Flygvapenmuseum in Linköping
Marie and I finally made it to the Swedish Air Force Museum. Some call it the Saab Flight Museum because Saab has a near monopoly on military aircraft in Sweden. It was amazing and inexpensive. Previous attempts never happened because something came up or we spent too much time at IKEA in Linköping. Since this was a birthday event, we made it happen this time, skipping IKEA, but we waved to the big blue and yellow building as we passed..
Linköping – pronounced lin-shepping — is about an hour and fifteen minutes from Valdemarsvik, and has the closest IKEA.
Aircraft on display spanned WWI to Sweden’s current top of the line JAS 39 Gripen fighter. Looks a bit like an F-16 with touches of French Mirage (forward ailerons). And for about 12 bucks (100 SEK) you can get 15 minutes in a Gripen flight simulator.
Since it was my birthday, I gave it a whirl. Take off went well. I navigated from Linkoping to the coast and down to Valdemarsvik. I flew down the length of the fjord at 1,000 feet or less to the Baltic Sea, did a power climb and full roll, but in trying to reverse course, I died in the Baltic Sea.
If you’re banking, your wings are beyond 90 degrees, and you pull back to climb, you are heading down, not up, and fast! I also clipped a tree on landing and died just short of the runway.
According to their literature, the museum had 48 aircraft on display indoors, plus a completely destroyed DC-3 spy plane, and additional aircraft outdoors.
The DC-3 was shot down by a Soviet Mig-15 in 1952. In 1991 the Russian government admitted the DC-3 was in international air space and that they destroyed it. Eight crew members were killed. Sweden denied all knowledge of what happened to the plan and crew until the Soviet admission fearing domestic backlash and further Soviet aggression. During the search a Mig-15 also shot down a Catalina flying boat, pictured underneath the Spitfire.
The DC-3 was discovered in 124 meters of water in 1992, and recovered. The basement floor of the museum is now dedicated to the wreckage and this story.
Flygvapenmuseumet (the Flygvapenmuseum) presented a special series of exhibits on the history of the cold war, 1950 – 1980. There were indoor pavilions for each decade including a typical Swedish kitchen and living room. Marie kept saying, oh, I remember that, we had that, we HAVE that.
There was also an exhibit on Soviet submarines running aground on Swedish islands in the ‘80s. When I first visited Marie in Sweden we book a weekend in a small island cabin on the Baltic. On the way we say a large sign posted on another island declaring in Swedish that this was a secure military area and foreigners were prohibited. In was in Swedish, English, and Russian. I went anyway. It was booked.
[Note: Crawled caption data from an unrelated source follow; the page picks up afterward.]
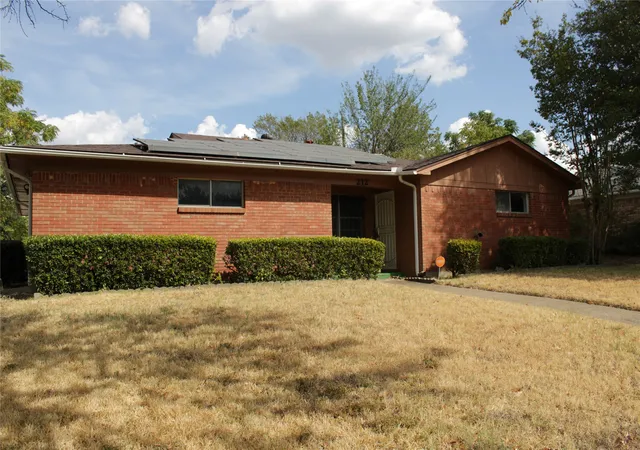 Photo 3 of Sale Pending at 212 N Longacre Ln, Dallas, TX 75217 | MLS# 21352725 | Listing updated on 2026-09-22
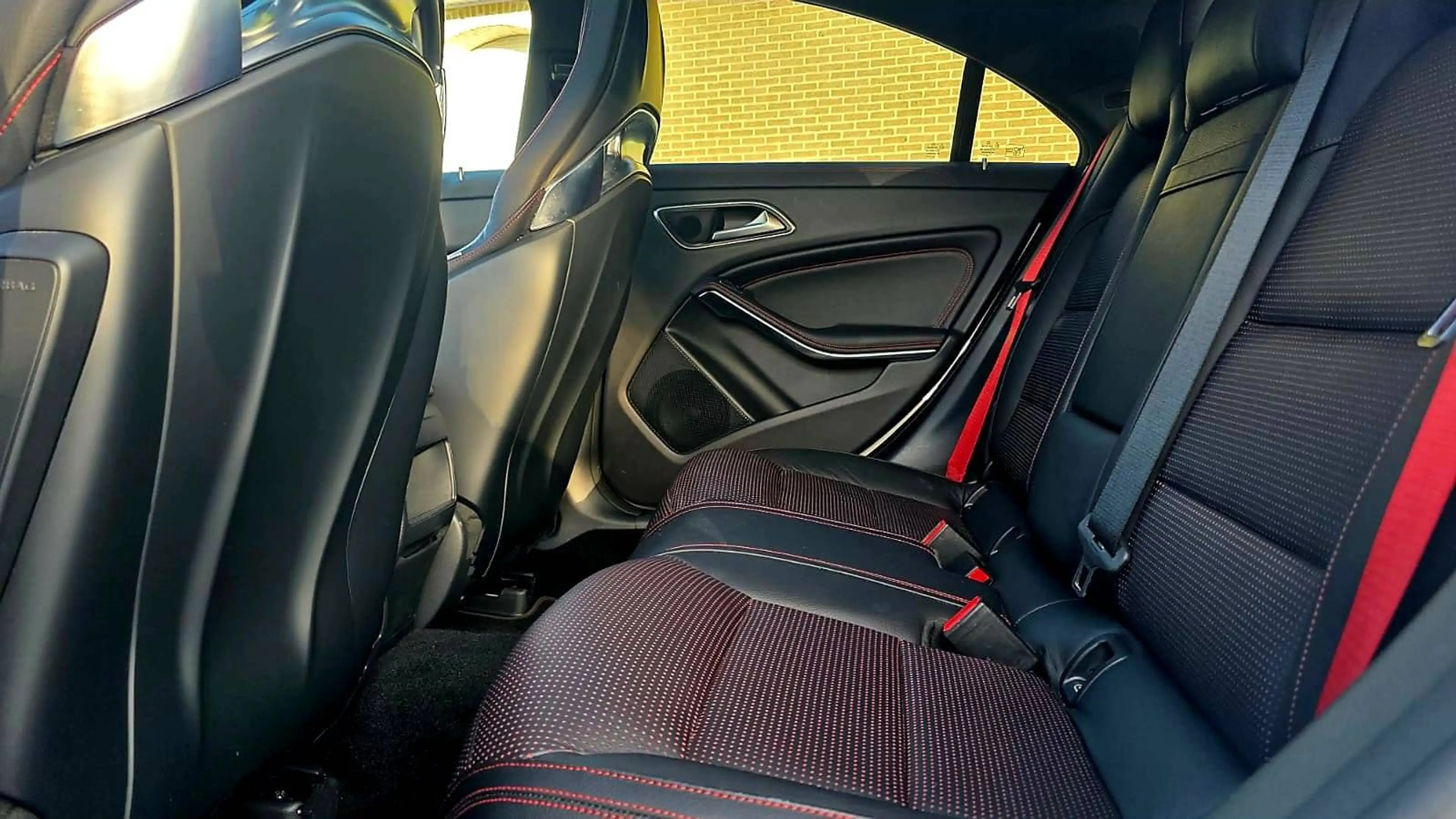 Mercedes-Benz CLA 45 AMG AMG Sport Panoramische Dak Led Camera — photo 9
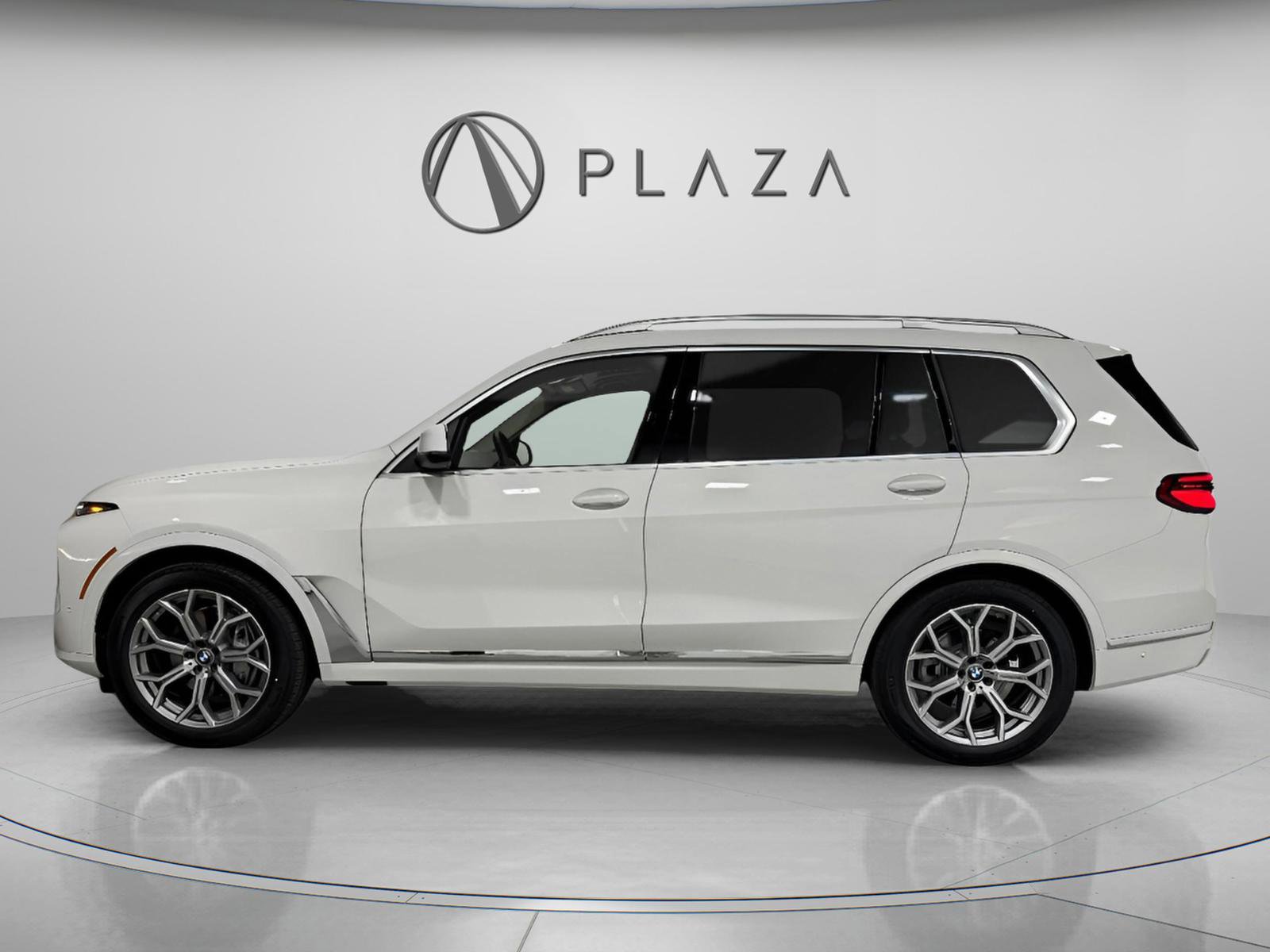 Used 2026 BMW X7 xDrive40i image 3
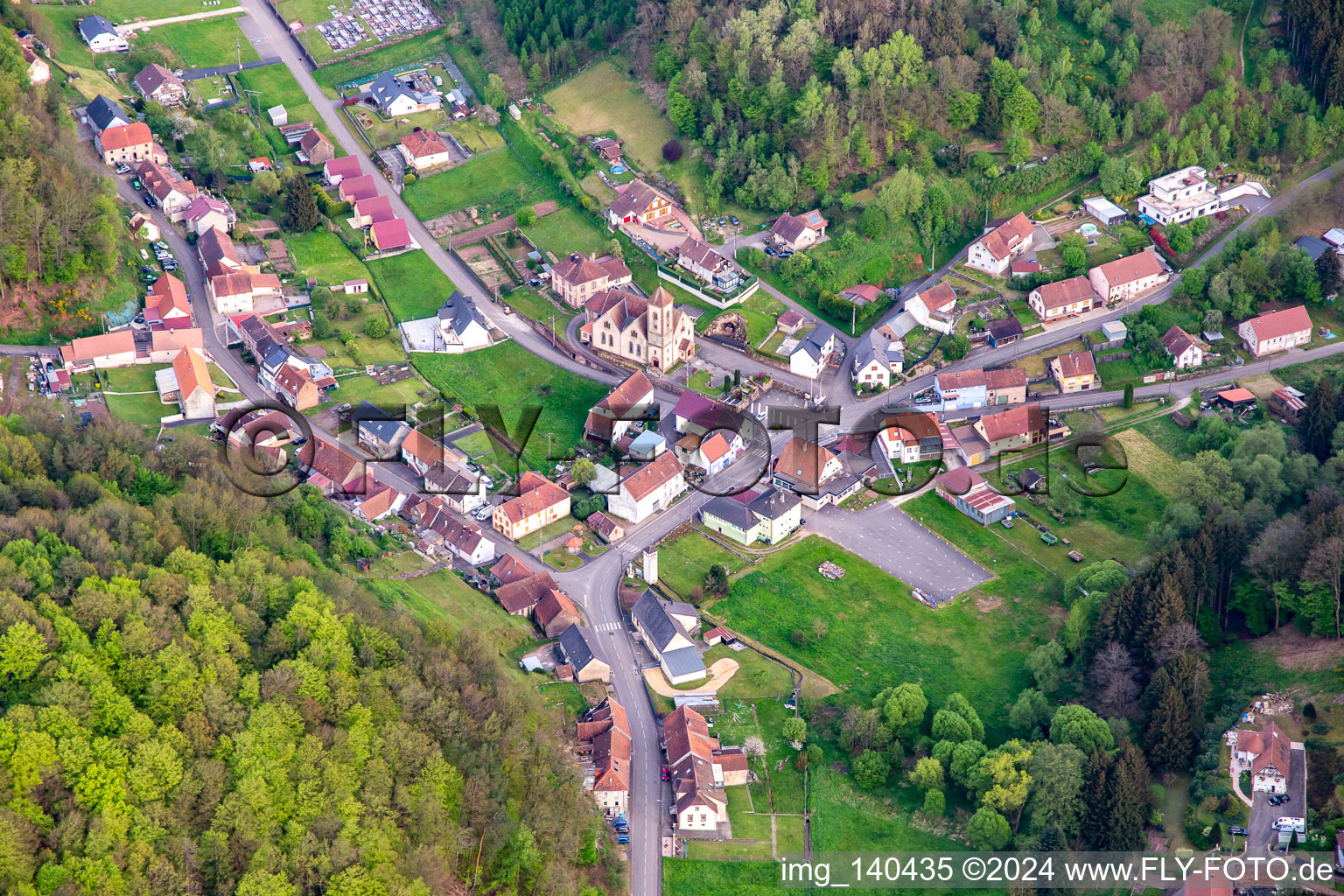 Salle communale de Siertsthal, Église Saint-Marc de Siersthal im Bundesland Moselle, Frankreich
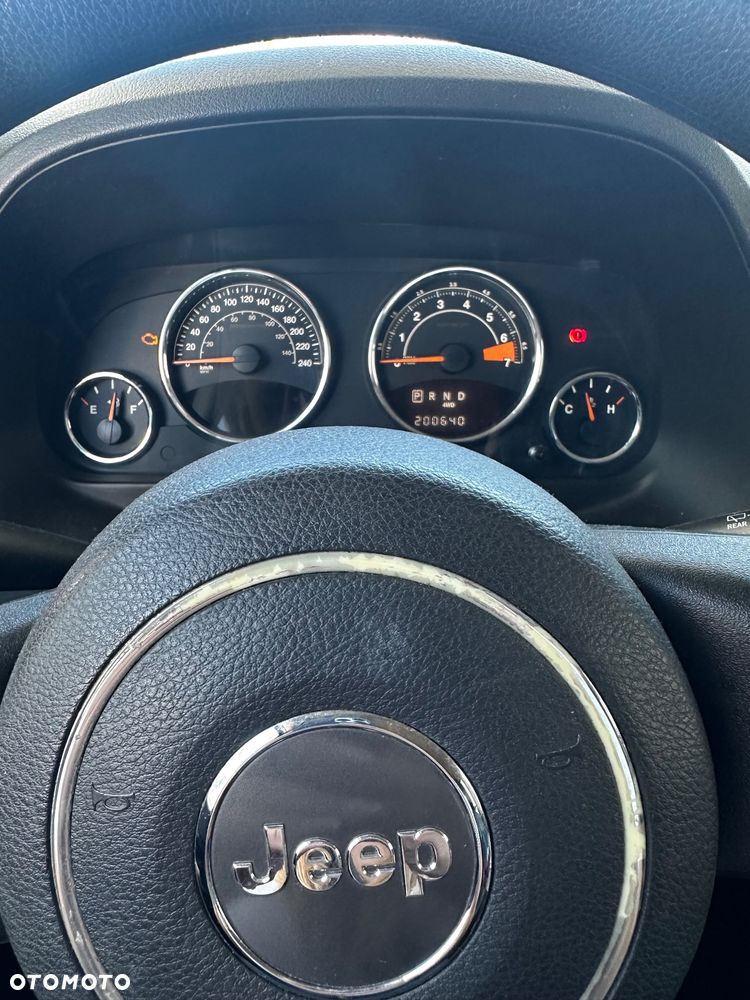 Jeep Compass - 8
I came home with a poster from the harbor bulletin board. The headline was “Ubåt eller inte?” and at the bottom “Kontakta Marinen”. The photo was a periscope breaking the water. The poster still hags near my desk.
One of the striking things I learned from the exhibits was how eclectic Sweden was in building its air force and its aircraft industry. They acquired aircraft from France, Brittan, Italy, Germany, and the US; often with a license to remanufacture copies of engines or entire aircraft. Between WWI and WWII they acquired bombers from Germany and Italy. During WWII the Germans seized a batch of Pratt and Whitney engines in France. Those engines ended up in Sweden and then the Swedes began manufacturing them, without a license, to power fighter planes that resembled a Focke-Wulf FW-190 German fighter. Post WWI the Swedes deployed 161 surplus P-51s and 50 Spitfires. As always, the P-51 was my favorite. But the Spitfire looks very cool as well and was a top performer. Sweden later began manufacturing original domestic jet aircraft designs.
Sweden deployed 161 P-51s and later liquidated them. When the museum sought one, they had all been sold. In 1966 Israel gave one to the museum as a gift. Sweden acquired about 60 Spitfires. They had good taste.
The J29 Tunnan was the first Swedish designed and built aircraft to take full advantage of jet power; speed, acceleration, climbing ability, and a high operating ceiling. In the field, one engineer and a handful of conscripts could turn the aircraft the aircraft around in ten minutes. During the early 60’s Congo Crisis Sweden contributed a squadron to the UN mission.
The current Swedish air superiority fighter is the JAS 39 Gripen.